Bredesen visits to bolster Cobb campaign

Friday, September 18, 2009

Gov. Phil Bredesen and Ty Cobb visit after the speeches are over at Cobb's Thursday night fundraiser.
(T-G Photo by Mary Reeves) [Order this photo]
More than a hundred people -- including Gov. Phil Bredesen -- showed up at the Fly Cultural Arts Center Thursday night to meet and hear from Ty Cobb, a candidate for state representative, Cobb is the brother of Curt Cobb, who held the seat until July when he resigned to take a court clerk position in Bedford County.

The special election will be held Oct. 13, with Ty Cobb facing off against GOP candidate Pat Marsh.

"Curt Cobb was exactly the kind of person you want to work with," said Bredesen, citing Cobb's dedication, clarity on the issues, and willingness to sit down and work things out for the benefit of his constituency. "From everything I know about him, Ty is going to be just like that."

Cobb spent more time circulating with his supporters than giving speeches, but used his time at the podium thanking everyone and vowing to do a good job as state representative.
(T-G Photo by Mary Reeves)
Bredesen said he had gotten to know Ty Cobb over the last few months and felt they shared several interests from a love for the outdoors to political ideology.

"He's a conservative Democrat," said the governor, "The kind of Democrat who has always done well for the state of Tennessee over the years."

Bredesen referred to Cobb's roots, both his 22-year career with UPS and his family. He also cited Cobb's National Rifle Association membership and pro-life stance.

"I think he will be a wonderful state representative," Bredesen concluded.

Earlier, Rep. Mike Turner, who is helping with Cobb's campaign, said he had heard from the Right to Life organization and said they planned to announce their endorsement of Cobb as a candidate today.

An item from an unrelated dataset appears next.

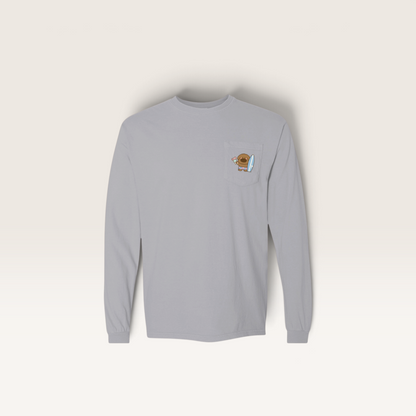 iTsChoCoBu grey long sleeve cotton t-shirt with a small graphic of a bear holding a surfboard on the chest pocket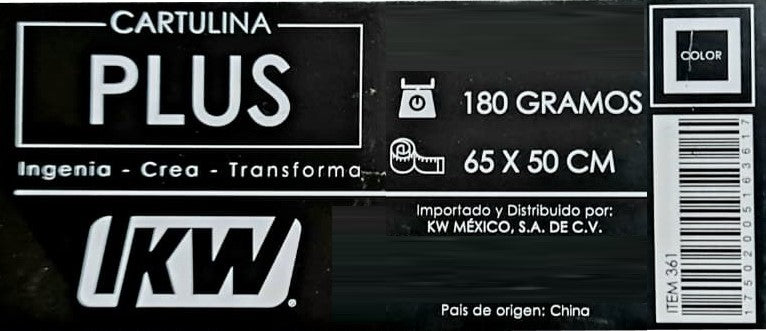 Cartulina Plus 180g Negro 65×50cm IKW® 0361 [Hoja] Imagen secundaria del producto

Turner also said Cobb was more than ready to debate his opponent.

"I called and gave them a date but they never called back," he said. "They keep calling for a debate, but they never call the person who is setting it up."

Other prominent state Democrats attended the event, including 49th District Rep. Kent Coleman; Rep. Gary Odom, the minority leader; and Turner, the caucus chairman.

Turner introduced Bredesen.

"When he first took over Tennessee it was as in as bad a shape as I'd ever seen it," said Turner, referring to several problems but specifically the non-existent reserve fund. "If we hadn't had that reserve fund this year, we'd be in real trouble. His leadership did that for us and he did all this without raising taxes."

One issue that all of the Democrat leaders stressed was getting the voters to the polls.

"Even more than fundraising, we need to get the vote out," said Bredesen. "We need to put people in the legislature who can look to the future."

Odom said special elections scared him because the results can vary, depending on voter turnout.

"We're not in a cross-country race here," he said. "We're in a sprint."

The candidate himself spent little time at the podium.

"I didn't prepare a long speech," said Cobb. "I want all of you to feel free and come up to me and ask questions."

He thanked his family and friends for their ongoing support, and then spoke one-on-one with those attending the event.